В московском Музее архитектуры завершилась выставка Виталия Рудченко — одного из самых известных фотографов памятников русской архитектуры.
Виталий Рудченко, безусловно, достоин персоналки, но не совсем понятно, почему именно сейчас. В музее давно осуществляется проект Юрия Аввакумова "24/24" — 24 архитектурных фотографа в течение 24 месяцев выставляют по 24 фотографии. Рудченко должен был предстать в этом ряду, однако из ряда выведен. А параллельно с его выставкой в рамках аввакумовского проекта проходит выставка фотографа Бориса Томбака (Ъ от 28 октября). И после выставки Томбака у Аввакумова директор музея Давид Саркисян предполагает проводить его же большую ретроспективу, а Рудченко после выставки в музее может выставляться и в рамках аввакумовского проекта. Возникает картина пугающей активности на ниве архитектурной фотографии, когда все фотографы двоятся. По-видимому, этим компенсируется сонливость музея в этом направлении в предшествующие годы.
Выставка Виталия Рудченко называется "Архитектура России. Итоги тысячелетия". Точно так же называлась выставка, проводившаяся Союзом архитекторов в связи со своим пятым съездом в Большом Манеже. Она получила исключительно отрицательную прессу. Музей архитектуры особенно переживал по поводу неудачной акции союза, поскольку очень хотел провести "Итоги тысячелетия" в своих стенах (сумма аренды, заплаченная союзом Манежу, равна годовому бюджету Музея архитектуры). Эти переживания вылились в альтернативную выставку.
Экспозиция представляла собой шестьдесят фотографий вчистую разрушенных памятников Смоленской, Ярославской и Московской областей. Памятники распадаются до состояния каких-то первичных материй — земли, камней, гниющих досок. Так что в некоторых случаях только по подписям можно разобраться, что это, собственно, было. Эпиграфом выставки служит фраза "За тысячу лет мы так и не научились сохранять памятники нашей архитектуры".
Показушной тысяче лет требовалось противопоставить подлинную тысячу, страшную и ужасную.
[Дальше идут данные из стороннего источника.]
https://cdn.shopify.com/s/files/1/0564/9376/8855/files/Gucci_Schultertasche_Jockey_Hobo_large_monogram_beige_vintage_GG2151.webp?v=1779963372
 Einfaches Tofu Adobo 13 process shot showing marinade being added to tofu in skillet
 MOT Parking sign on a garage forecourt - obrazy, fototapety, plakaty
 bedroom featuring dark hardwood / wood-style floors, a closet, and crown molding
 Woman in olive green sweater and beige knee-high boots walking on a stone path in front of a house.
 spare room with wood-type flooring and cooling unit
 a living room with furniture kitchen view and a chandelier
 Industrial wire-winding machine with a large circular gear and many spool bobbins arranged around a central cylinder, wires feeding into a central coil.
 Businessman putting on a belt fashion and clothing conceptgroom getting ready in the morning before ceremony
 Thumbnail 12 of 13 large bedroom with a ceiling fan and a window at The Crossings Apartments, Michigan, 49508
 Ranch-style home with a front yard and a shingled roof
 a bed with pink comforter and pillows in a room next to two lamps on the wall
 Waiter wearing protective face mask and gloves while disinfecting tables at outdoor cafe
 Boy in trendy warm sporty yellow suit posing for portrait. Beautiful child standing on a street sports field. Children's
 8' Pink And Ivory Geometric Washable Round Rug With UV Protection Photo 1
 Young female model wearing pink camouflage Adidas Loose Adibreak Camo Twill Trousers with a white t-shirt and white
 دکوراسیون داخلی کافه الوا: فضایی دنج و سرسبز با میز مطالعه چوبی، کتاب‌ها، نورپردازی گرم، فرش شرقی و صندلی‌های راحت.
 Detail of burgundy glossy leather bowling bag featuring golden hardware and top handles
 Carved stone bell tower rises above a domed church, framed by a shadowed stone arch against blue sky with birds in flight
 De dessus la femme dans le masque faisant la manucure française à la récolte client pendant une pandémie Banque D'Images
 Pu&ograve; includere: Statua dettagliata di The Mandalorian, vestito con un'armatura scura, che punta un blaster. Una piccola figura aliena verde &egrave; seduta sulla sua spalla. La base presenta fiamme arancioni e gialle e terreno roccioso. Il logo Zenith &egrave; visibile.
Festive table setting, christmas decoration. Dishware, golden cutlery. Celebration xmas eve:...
Поверх фотографий висело белое полотнище, собранное траурными драпировками,— будто занавес, который приоткрыли, чтобы попрощаться с покойником. В центре зала лежала чугунная доска из Триумфальной арки Осипа Бове, утраченная коммунистами при переносе арки с площади Белорусского вокзала на Кутузовский проспект. Вернисаж был срежиссирован как панихида — на доске стояли свечи, свет был выключен, а в глубине зала пел траурный хор, впоследствии скушавший весь фуршет.
Все это было бы величественно и трагично, кабы не фотографии. Рудченко снимает руины в яркий солнечный день, они заросли приятной зеленью и выдают скорее человека интересующегося, чем скорбящего. Два "Итога тысячелетия" на двух разных площадках практически воспроизвели советское разделение архитектурного наследия на две противоположно идеологизированные части. Одна часть — предмет национальной гордости партии и правительства, другая — предмет национальной скорби инакомыслящих, которые в состоянии памятников видели лишнее доказательство зловредности и партии, и правительства.
Радость искусствоведов-шестидесятников по поводу открытия памятника обычно приходилась на сам момент открытия, а длительное возвращение из экспедиции на разваливающейся машине по ужасной дороге способствовало должному вызреванию чувства скорби. Но фотографии сделаны не в момент возвращения, а как раз в момент открытия. Посему они выглядят какими-то неуместно радостными. Романтика поиска шедевров в Пошехонском районе Ярославщины перебивает пафос утраты великого национального достояния. Если это похороны, то странно веселые. Напоминает настроение репортера, которого заслали на похороны, и который, послушав речи, с интересом узнает, какой затейливый ему попался покойник.